Starting to write a novel is easy. Writers have the spark of an idea, a rush of creativity, and the flush of embarking on a new venture. 

But then reality kicks in. They realize that writing a novel is darn hard work. What’s wrong? They don’t know how to write a novel.

Here, 5 steps you need to write a great novel:

1. Start With Character

To create a flesh-and-blood character, you need to do some legwork before you even start writing. I’ve seen authors come up with a number of interesting traits for their characters, but the traits may seem more like ticks the author thought would be interesting, rather than ones that arise out of a deeply embedded worldview. The author knows the character only as well as he would know someone he had just met at a cocktail party.

What the novelist needs is a complete understanding of a character’s worldview. This requires a backstory. Backstories shape everything, especially how your character sees the world — his or her point of view [POV].

You may not use everything you invent about a character’s past. Even so, to know how your character will change throughout your story (and indeed he or she must!), you need to really know your character. Simple.

Do this kind of in-depth work for every single important character in your book.

2. Create Key Moments

Now that you have rich, real characters, it’s time to put them through the ringer. Remember: Plots cannot exist without conflict. Key moments create conflict, continuously upping the stakes.

Think of a placid pond as the current reality that you introduce readers to at the beginning of your novel. Now picture what happens when a stone is cast into that pond. The water is disturbed and ripples form –the plot is in motion. Think of each key moment as another stone tossed into that pond. How do your characters react to it? Does it make them change? If so – how?

Why is it so important to know your key moments before writing? Once you know these points, every scene you write is either leading up to the key moment or leading away from it. This helps you build tension as you approach the moment, and then release it outward in ever widening ripples of impact.

3. Write Sparingly & Quickly

Now you have your characters and your plot. But of course, your story world can’t leap off of any pages until you’ve written them.

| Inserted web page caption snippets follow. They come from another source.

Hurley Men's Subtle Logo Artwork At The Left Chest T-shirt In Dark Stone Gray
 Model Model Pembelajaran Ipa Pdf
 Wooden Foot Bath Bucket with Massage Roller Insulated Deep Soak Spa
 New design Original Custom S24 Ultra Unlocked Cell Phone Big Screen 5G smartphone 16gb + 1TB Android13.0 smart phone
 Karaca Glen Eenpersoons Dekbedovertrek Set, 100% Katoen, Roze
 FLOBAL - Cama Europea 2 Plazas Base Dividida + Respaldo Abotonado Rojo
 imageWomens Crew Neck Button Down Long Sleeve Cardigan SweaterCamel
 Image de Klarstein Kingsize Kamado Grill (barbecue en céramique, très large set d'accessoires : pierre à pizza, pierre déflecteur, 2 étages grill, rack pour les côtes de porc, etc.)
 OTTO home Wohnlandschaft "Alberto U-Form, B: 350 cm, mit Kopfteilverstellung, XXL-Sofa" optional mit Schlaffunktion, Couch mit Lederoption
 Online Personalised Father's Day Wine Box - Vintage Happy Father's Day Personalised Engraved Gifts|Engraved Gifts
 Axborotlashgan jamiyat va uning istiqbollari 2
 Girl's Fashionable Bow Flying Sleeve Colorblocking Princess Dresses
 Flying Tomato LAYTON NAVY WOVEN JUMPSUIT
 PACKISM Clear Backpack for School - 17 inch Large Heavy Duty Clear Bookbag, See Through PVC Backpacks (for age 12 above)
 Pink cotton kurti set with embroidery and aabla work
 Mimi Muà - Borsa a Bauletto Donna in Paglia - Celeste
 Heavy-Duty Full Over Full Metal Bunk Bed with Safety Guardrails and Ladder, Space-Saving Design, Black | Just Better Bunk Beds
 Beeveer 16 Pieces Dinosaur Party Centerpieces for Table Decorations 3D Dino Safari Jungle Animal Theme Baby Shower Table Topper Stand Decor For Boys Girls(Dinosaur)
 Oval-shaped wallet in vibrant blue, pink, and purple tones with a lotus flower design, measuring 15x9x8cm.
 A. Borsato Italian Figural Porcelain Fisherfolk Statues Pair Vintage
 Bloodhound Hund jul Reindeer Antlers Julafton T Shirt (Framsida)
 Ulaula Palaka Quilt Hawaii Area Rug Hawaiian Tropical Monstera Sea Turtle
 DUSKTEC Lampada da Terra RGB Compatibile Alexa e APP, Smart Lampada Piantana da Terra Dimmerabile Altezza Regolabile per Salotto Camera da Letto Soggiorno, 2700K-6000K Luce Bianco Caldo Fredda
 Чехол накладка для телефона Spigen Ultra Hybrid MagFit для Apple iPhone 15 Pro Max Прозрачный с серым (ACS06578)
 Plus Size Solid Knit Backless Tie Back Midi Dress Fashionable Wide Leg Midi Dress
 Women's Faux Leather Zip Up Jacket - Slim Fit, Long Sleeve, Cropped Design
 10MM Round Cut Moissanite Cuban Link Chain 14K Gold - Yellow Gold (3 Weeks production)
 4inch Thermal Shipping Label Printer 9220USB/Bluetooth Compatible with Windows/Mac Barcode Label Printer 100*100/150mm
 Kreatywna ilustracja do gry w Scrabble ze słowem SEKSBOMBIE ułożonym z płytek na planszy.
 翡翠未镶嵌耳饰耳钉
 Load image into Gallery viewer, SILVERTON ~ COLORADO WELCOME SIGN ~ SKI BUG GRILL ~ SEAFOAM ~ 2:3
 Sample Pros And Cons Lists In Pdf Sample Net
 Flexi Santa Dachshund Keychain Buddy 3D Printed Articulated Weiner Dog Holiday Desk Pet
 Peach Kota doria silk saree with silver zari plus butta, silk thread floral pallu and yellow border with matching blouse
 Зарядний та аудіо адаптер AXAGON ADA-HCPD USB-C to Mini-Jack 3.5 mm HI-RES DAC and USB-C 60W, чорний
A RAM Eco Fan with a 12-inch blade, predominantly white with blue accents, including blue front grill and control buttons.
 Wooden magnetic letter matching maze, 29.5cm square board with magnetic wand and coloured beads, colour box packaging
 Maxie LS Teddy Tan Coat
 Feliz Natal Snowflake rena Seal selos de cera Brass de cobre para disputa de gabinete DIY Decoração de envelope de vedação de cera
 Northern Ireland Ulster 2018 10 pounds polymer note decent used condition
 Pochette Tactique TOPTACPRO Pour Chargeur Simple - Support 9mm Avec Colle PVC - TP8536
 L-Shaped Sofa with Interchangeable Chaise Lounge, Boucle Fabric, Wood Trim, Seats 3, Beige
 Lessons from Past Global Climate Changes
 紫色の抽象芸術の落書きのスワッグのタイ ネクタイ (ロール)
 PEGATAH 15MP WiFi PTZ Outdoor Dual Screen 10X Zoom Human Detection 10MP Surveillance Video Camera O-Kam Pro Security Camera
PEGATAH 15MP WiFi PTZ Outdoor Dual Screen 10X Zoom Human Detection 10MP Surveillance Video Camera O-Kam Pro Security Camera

So, time to start, scene by scene. Write quickly, and don’t worry about filling in all the finer details. Editing will come later. For now: get the big, important moments in each scene.

As you write, avoid the temptation to go back and re-read or even to make corrections as you go along. The goal is to push through to the end of your draft, using the key moments you already charted as a guide.

4. Analyze, Revise & Fill In

We’ve all heard the phrase: “Writing is rewriting.” The key to revision: Let your draft get cold. That’s the only way to approach an honest edit with fresh eyes.

Once you’re ready, know that this is the time to fix all the hairline cracks, the structural problems, and the scenes that don’t really move the story forward.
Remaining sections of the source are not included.